I believe that biddability is directly relatable to the motivation (reward) inherent in the behaviour. If you are the most rewarding thing, than maybe you can say your dog is "biddable" from the get go. I have a velcro dog, so that could mean I have an incredibly biddable dog...but I truly am a far second to chasing the squirrel or the piece of natural balance I have in my treat sac.


----------



## Marsh Muppet (Nov 29, 2008)

KBLover said:


> Of course, it's said that some dogs "train their owners" - might in the same vein perhaps (and the owners may not realize it).


That may actually be more common than t'other way around. I see lots of dogs who have their owners extremely well trained, where said owners are completely unaware of how much control their dog is exerting on them.
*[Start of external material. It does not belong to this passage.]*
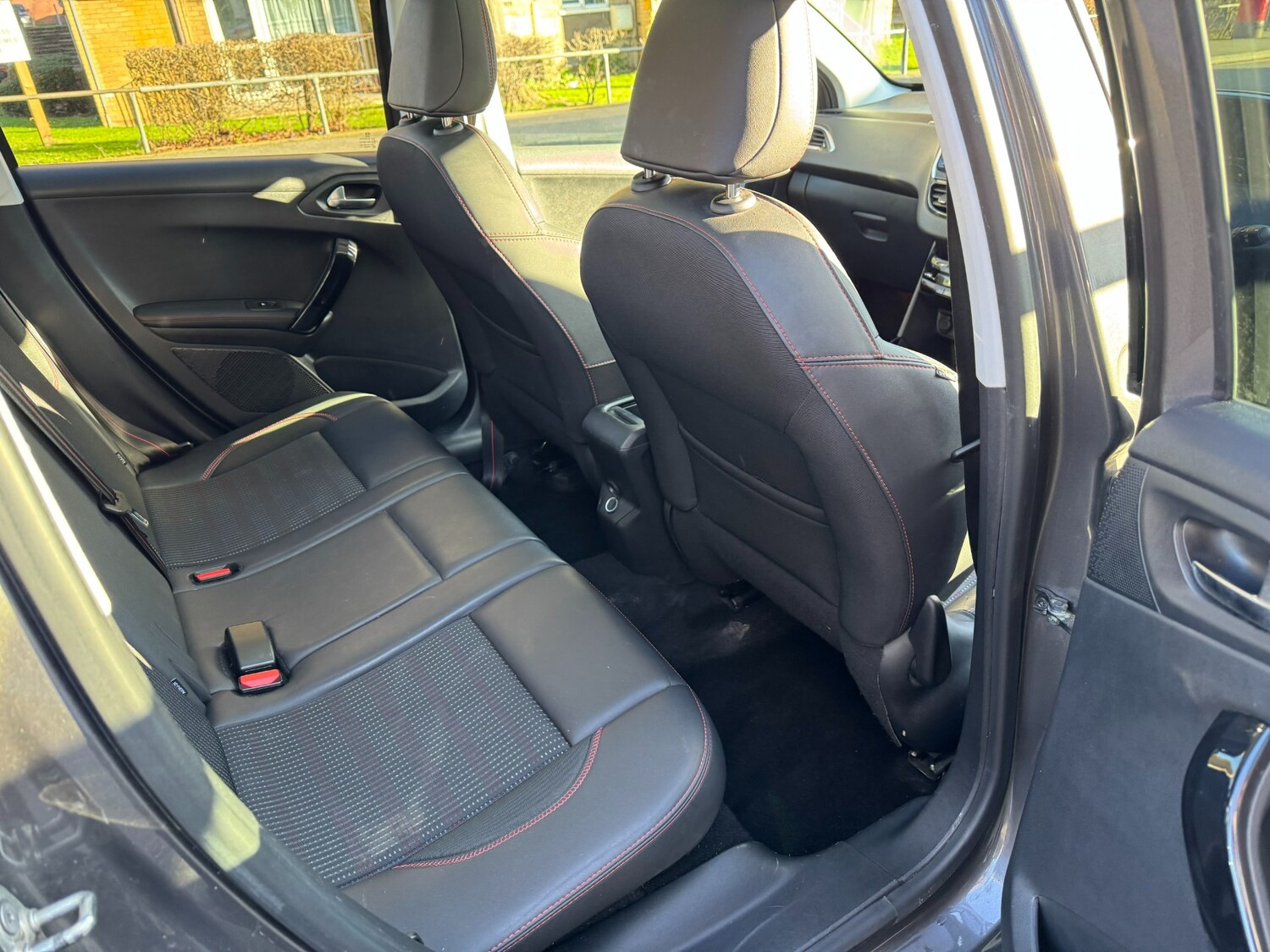 Used Peugeot 2008 2017 for sale - 77283387: Photo 49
Not so many truly well trained dogs. All of which begs the musical question: _Who's Zoomin' Who?_

When people brag about how well they've trained their dog, I often challenge them to unclip the leash. I've gotten a lot of strange responses--up to and including: "It's cruel to let a dog off leash" (don't ask me)--but not so many people are willing to give it a go.


----------



## KarenJG (Jan 31, 2010)

I've always thought "biddable" meant "willing to be trained." But I don't know if there's a professional meaning that I'm missing here. And, to dig deeper into that, I guess by "willing to be trained," I mean a dog that looks to a person as a source of "stimulation" (whether intellectual challenge, or amusement or just playtime) as opposed to looking to the environment. I'm currently working with a Basset Hound foster dog. I wouldn't call her biddable, because she's way more interested in scent trails than anything I have to offer her - outside, at least. 

Yet, she IS trainable. We've done a lot of work inside, and have done some outside. I can occasionally get her attention off of whatever trail she's following, and I'm working to increase the frequency of that, and I expect that I will be able to do so. But, that won't make her "biddable" in my mind. That will just make her trained.


----------



## Shaina (Oct 28, 2007)

I am not a professional trainer... I train a great deal and I think about and study training even more, but I do it because I love it. I am blessed in that my dogs also love it, though it has taken a great deal of time and energy to get them to that point. 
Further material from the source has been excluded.